Collected data
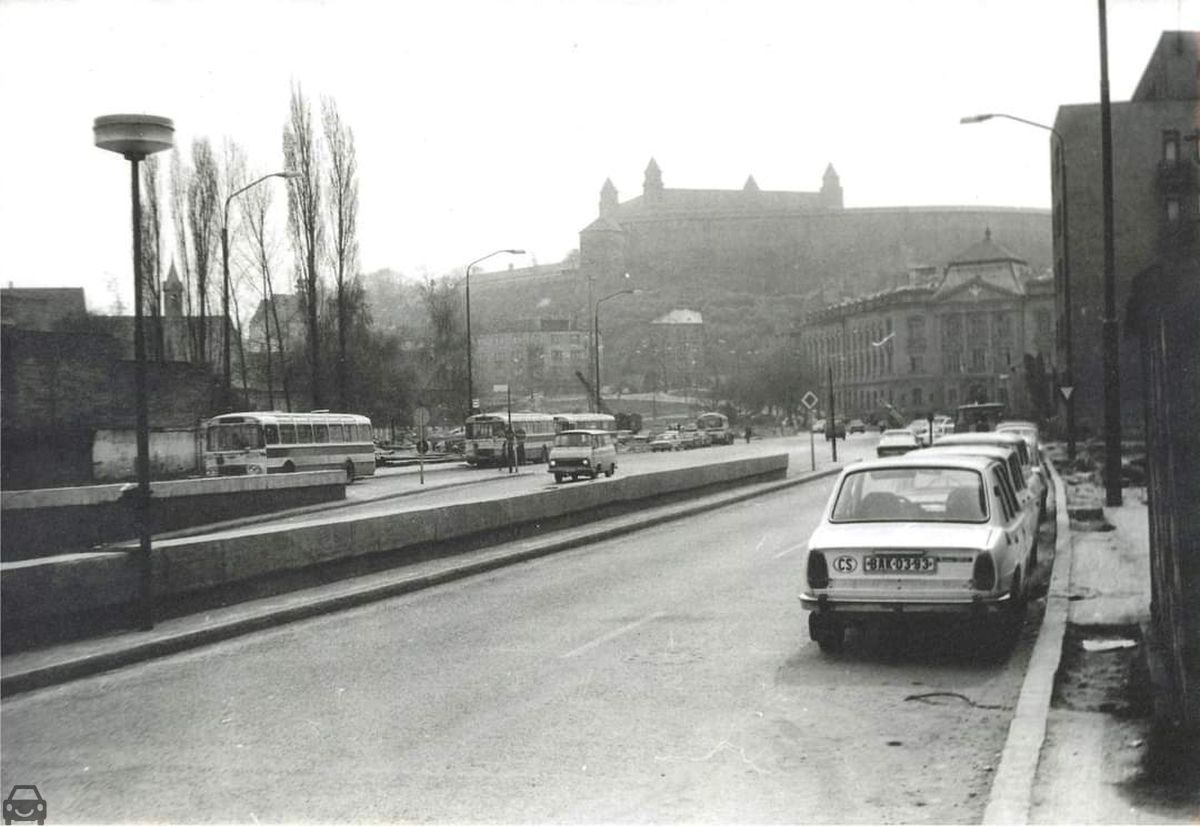 Stará Bratislava, Skoda 105 staromestska, auto so značkou BAK-03-93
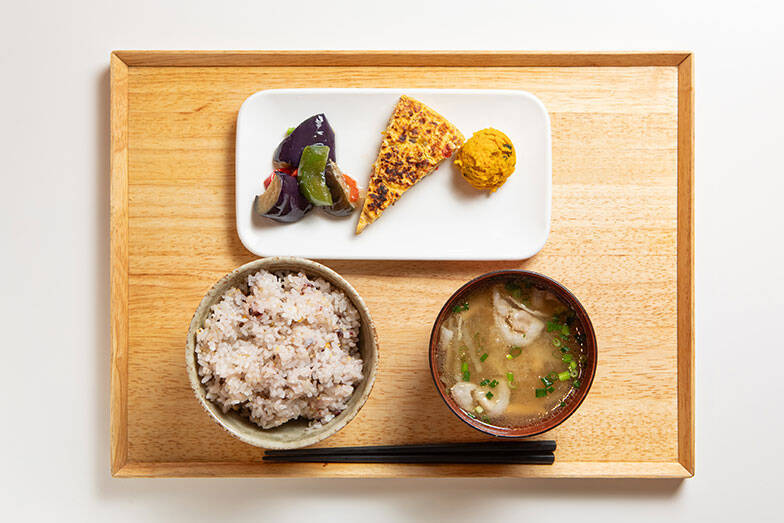 入居者のための食堂、昼・夕食500円、朝食はなんと100円！ 「トーコーキッチン」開店から9年目。入居者希望増、書籍化など、さらにすごいことになってた！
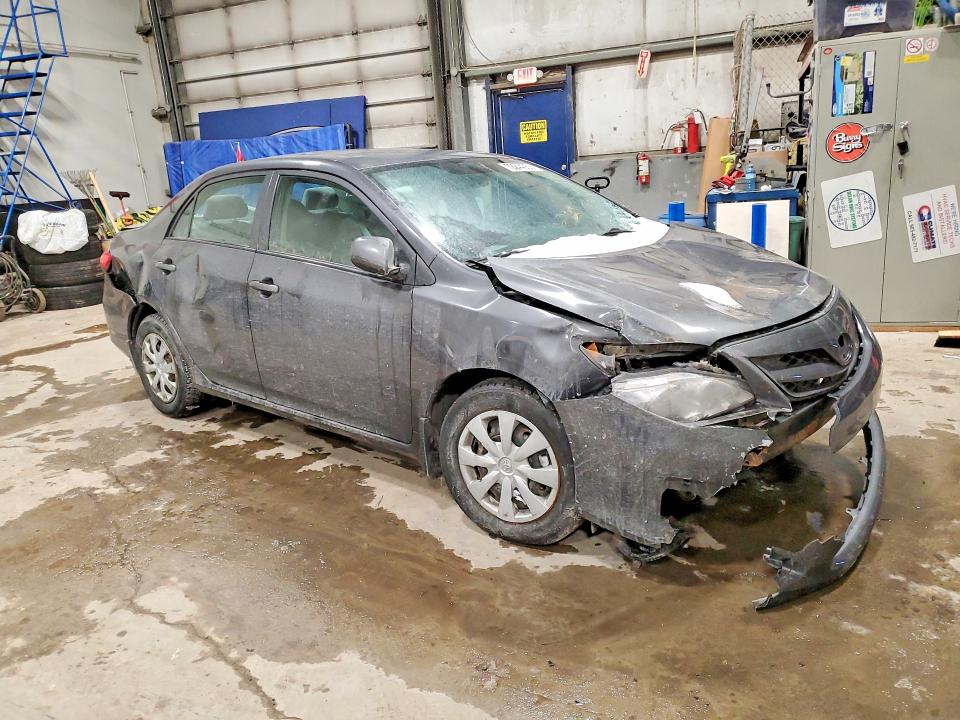 Photo 4 from auction – 2013 TOYOTA COROLLA with VIN 2T1BU4EE5DC071246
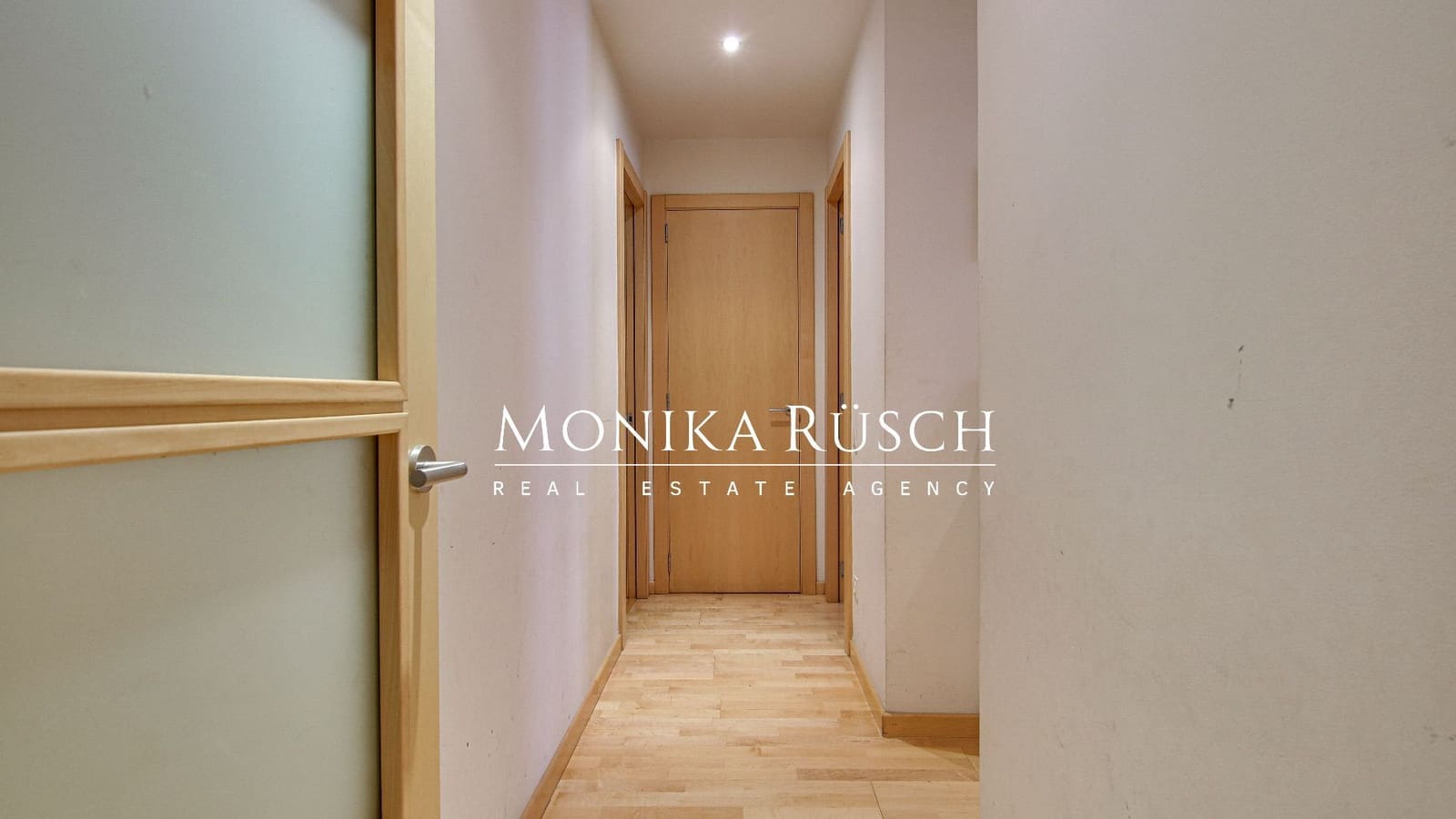 3 soveværelse Lejlighed til leje i Barcelona by med garage - € 2.045 (Ref: 9573958)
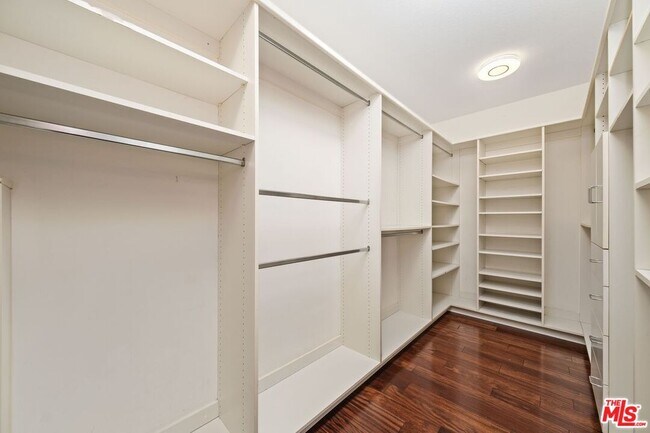 Building Photo - 11815 Folkstone Ln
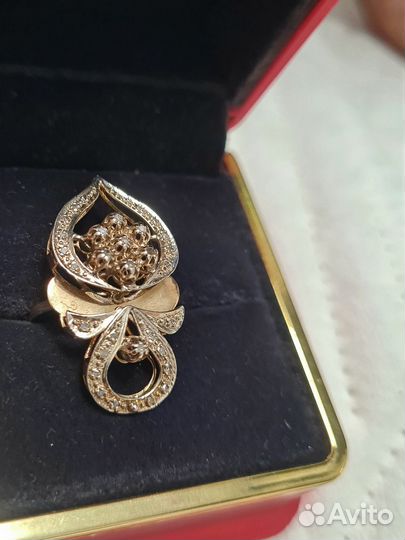 Золотое кольцо с бриллиантами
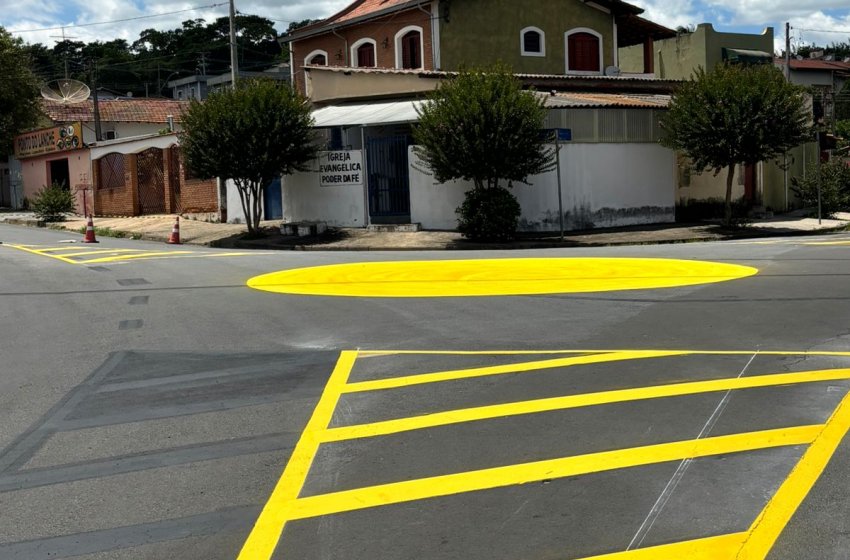 PREFEITURA REALIZA MELHORIAS NA SINALIZAÇÃO DE SOLO NO NOVA JAGUARIÚNA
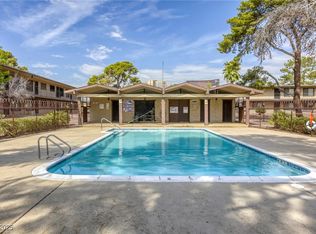 585 S Royal Crest Cir UNIT 20, Las Vegas, NV 89169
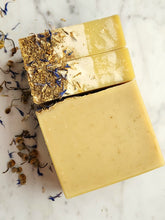 Load image into Gallery viewer, Happy Glow, Cham &amp; Yarrow Earthly Soap Goods 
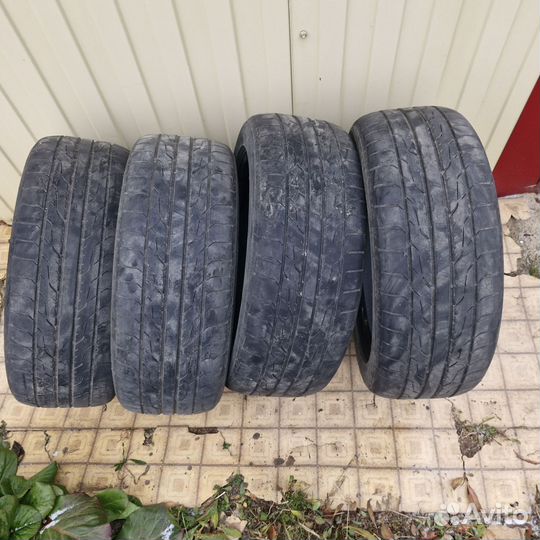 Toyo TYDRB 215/50 R17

> _Work item_: Output every line of the records exactly, excluding all pictures.

> _Result below_:
 Stará Bratislava, Skoda 105 staromestska, auto so značkou BAK-03-93
 入居者のための食堂、昼・夕食500円、朝食はなんと100円！ 「トーコーキッチン」開店から9年目。入居者希望増、書籍化など、さらにすごいことになってた！
 Photo 4 from auction – 2013 TOYOTA COROLLA with VIN 2T1BU4EE5DC071246
 3 soveværelse Lejlighed til leje i Barcelona by med garage - € 2.045 (Ref: 9573958)
 Building Photo - 11815 Folkstone Ln
 Золотое кольцо с бриллиантами
 PREFEITURA REALIZA MELHORIAS NA SINALIZAÇÃO DE SOLO NO NOVA JAGUARIÚNA
 585 S Royal Crest Cir UNIT 20, Las Vegas, NV 89169
 Load image into Gallery viewer, Happy Glow, Cham &amp; Yarrow Earthly Soap Goods 
 Toyo TYDRB 215/50 R17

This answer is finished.